I was looking at the Trojan batteries, was told there is nothing better! If you don't mind me asking, how much are those batts each? Your DC fridge only draws 25 watts? Thats really good! What size is the fridge?

We were thinking about a wind generator but are unsure how much wind we will get on the property & I would imagine if we were to place it on top of the hill we would have a good wind but the wire run would be way too long to make it efficient...We shall see when we get there!

So what do you do for water & waste disposal while living in yer bus? I am guessing it is just you? Oh yea, your bus looks like it is a bit short... how long is it?
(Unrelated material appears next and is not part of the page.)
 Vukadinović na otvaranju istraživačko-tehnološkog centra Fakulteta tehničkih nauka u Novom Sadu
The interior is very nice & I am digging the round window door, very cool...
The batteries were about $200 each, bought at a Batteries Plus store.
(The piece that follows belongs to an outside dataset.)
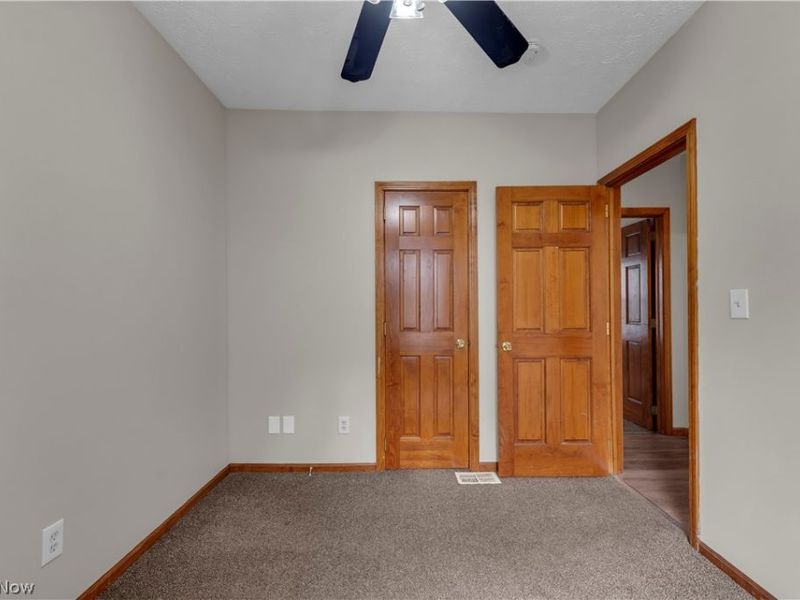 1460 E 204th Street, Unit 1/DN, Euclid, OH 44117 Photo 12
The fridge is a Nova-Kool R4500, 4.3 cu ft, teeny freezer. After doing an analysis of electrical consumption, for many households, it turns out refrigeration is the #1 electrical load. An inefficient fridge may mean an extra panel and a battery or two, so in that way, a $200 dorm fridge may cost more than an $800 efficient fridge.
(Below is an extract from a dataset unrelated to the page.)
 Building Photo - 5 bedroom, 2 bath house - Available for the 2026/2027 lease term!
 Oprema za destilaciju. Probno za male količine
For water, I just have to park where there is a water supply. I don't really have a way to haul water (with a motorcycle...would be interesting). Grey water goes onto the ground where allowed, otherwise into a sewer connection, or I use a 22-gallon Blue Boy to lug it if the sewer dump is far away. No blackwater because I use a waterless composting toilet.

Yep it's just me in the bus, along with the cat. The bus is 29' bumper-to-bumper, 23' interior length from rear of doghouse to back wall. A good size for one person, or two people who get along really well.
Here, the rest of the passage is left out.